The Poorly Geared: These people have all the right talents, gems and enchants, but their gear is just strange. They may be missing a set bonus or have a wide range of gear from the 200 ilevel to the 264 ilevel. The may have quite a bit of spirit gear or a strange trinket choice. Gear is obviously a problem, but the cause of the problem is not obvious. I have a hard time responding to these folks because this may be the only gear available to them. For example I once got a comment asking why I use the Illustration of the Dragon Soul instead of Muradin's Spyglass because the commenter thought the spyglass was better. I agree. The spyglass is better, but I've run ICC 10 over a dozen times and not seen it drop once. It's not that I'm gearing incorrectly its just that I'm using what is available to me.

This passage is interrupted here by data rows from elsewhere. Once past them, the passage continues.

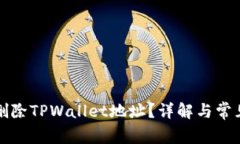 如何删除TPWallet地址？详解与常见问题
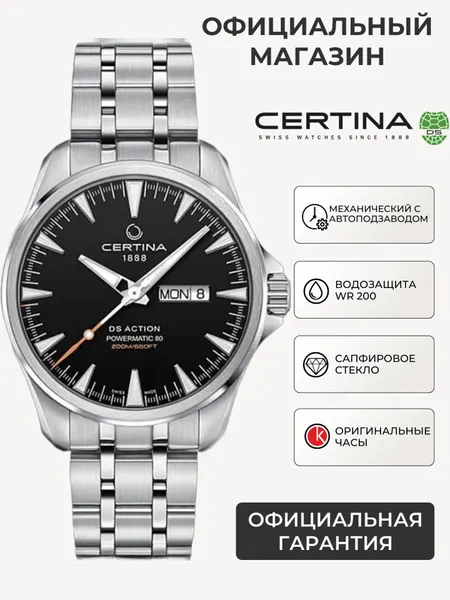 CertinaНаручные часы DS Action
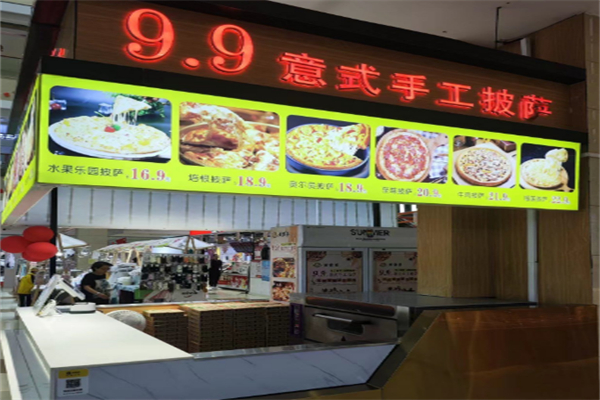 9块9披萨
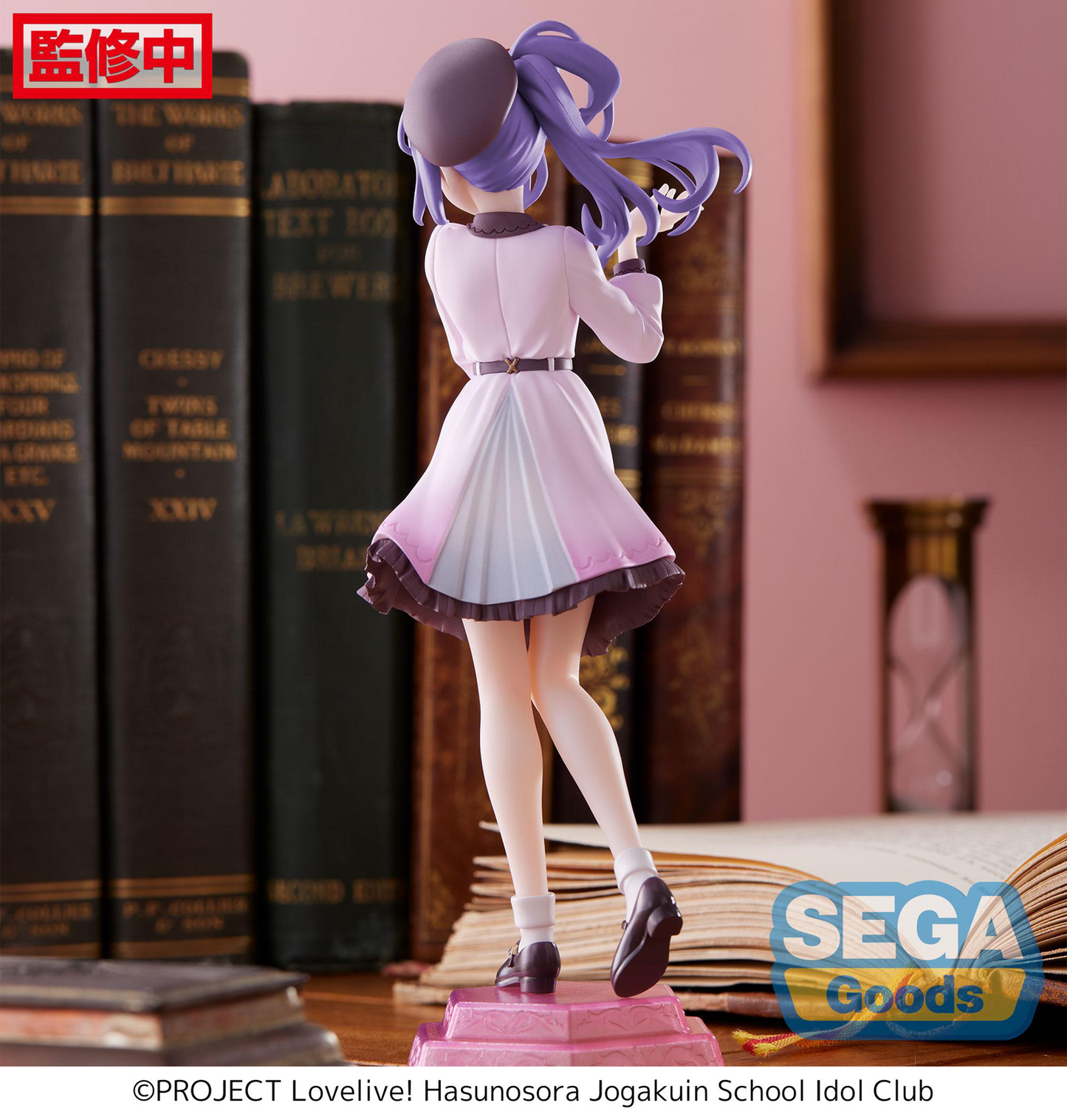 Love Live! Hasu no Sora Jogakuin School Idol Club: Kozue Otomune Desktop x Decorate Prize Figure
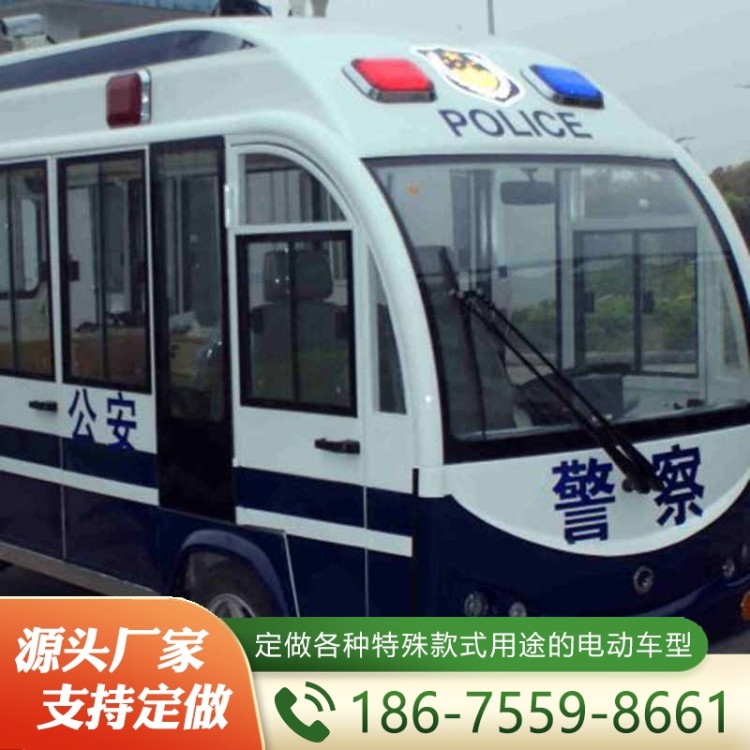 流动警务室  价格实惠 质量保障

The Fundamentally Flawed: These are the hardest to address. They have the right talents, gems and enchants. Their gear is very reasonable for the level of content they are doing. The rotation they say they use is in line with the recommendations. There is nothing obvious I can comment on. In the end I usually provide a list of general rules for them to think about and hopefully improve their performance.
In this post will go over some of what I consider to be the general rules of raiding for a ranged DPSer.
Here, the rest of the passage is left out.